The people of Sitka Sound prize herring for its value as a vital, traditional food supply, its cultural significance, and as a sustainable, culturally-rich use of a local resource. All of this was at risk when an oil spill threatened a herring roe season in Alaska in early 2022.
It was on March 21, 2022 that the 83-foot tug Western Mariner experienced a steering failure in Neva Strait, north of Sitka Sound, and was forced hard aground after being hit by the 286-foot containerized freight barge it was towing. The tug, containing 45,000 gallons of diesel, began leaking upon running aground, gradually discharging more than 5,300 gallons of fuel into the Neva Strait waterway.
At the request of the Coast Guard, the OR&R response team provided oil trajectories and oil fate analysis to learn where the oil could go and how it might behave in the water. OR&R personnel reported on-scene, while continuing to produce trajectories, weather forecasts, and resources-at-risk analysis. OR&R assisted the response team with shoreline assessments of environmentally sensitive areas (identified by local stakeholders to be at risk) to assess oil impacts. (More information is available on OR&R’s IncidentNews website.)
Among the resources-at-risk identified by the response team was the harvest of herring and herring roe. Because the incident occurred just ahead of the herring season, Alaska Department of Fish and Game flew over the spill area in Neva Strait on March 25 to observe the presence of sheen, conduct herring surveys, and note any instances of wildlife in the overflight zone. Due to the spread of the fuel, and consistent with the State of Alaska’s zero-tolerance policy with respect to fuel contamination of seafood, Alaska Department of Health and Social Services and the Alaska Department of Environmental Conservation (ADEC) issued a seafood safety advisory for harvest and consumption of those resources.
As of May 5, 2022, some shorelines in Neva Strait had still not met the cleanup endpoint criteria and are still considered contaminated. The ADEC continues to recommend that harvesters pay particular attention in Neva Strait and Saint John Baptist Bay; to not eat any harvested food if you see, smell, or taste oil on it; and to avoid setting gear or harvesting wherever oil and/or sheens can be smelled on the beach or water.

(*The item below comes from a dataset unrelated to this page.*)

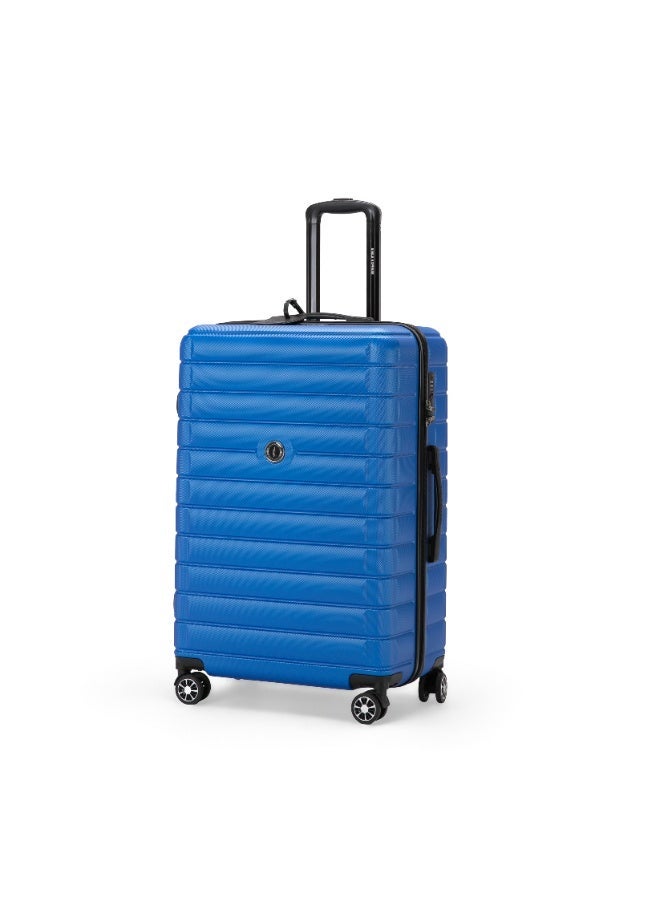 Eagle Express Wood ABS Hard Trolley Luggage - 28 inch - Royal Blue - Scratch-Resistant - Free Protective Cover - 1-Year Warranty - Image 2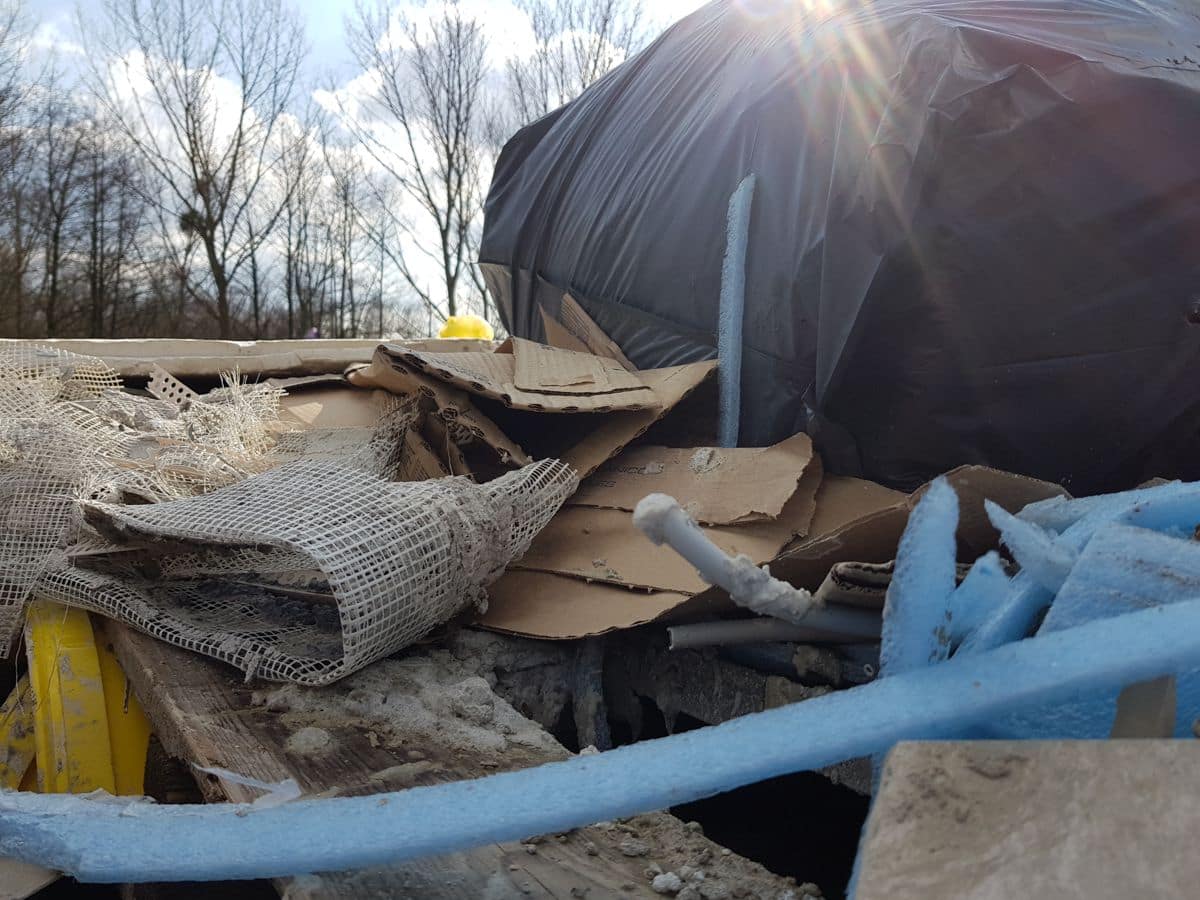 Baumisch, Mischung verschiedener Abfallarten Baumisch, Mischung verschiedener Abfallarten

Additional shoreline surveys are scheduled to be conducted on contaminated beaches in March of 2023 to see if recovery has naturally occurred over the winter.
The ocean, a provider of sustenance and wellbeing, is integral to the lifeways of Alaska and coastal tribes. Alaska’s fishing industry will continue to thrive in the coming years, with current outlooks estimating a consistent trend of contributing billions of dollars to the U.S. economy. When oil or hazmat spills occur, NOAA and OR&R will continue to engage with tribal governments and organizations to learn their concerns and determine whether Alaska’s blue economy is threatened due to a spill.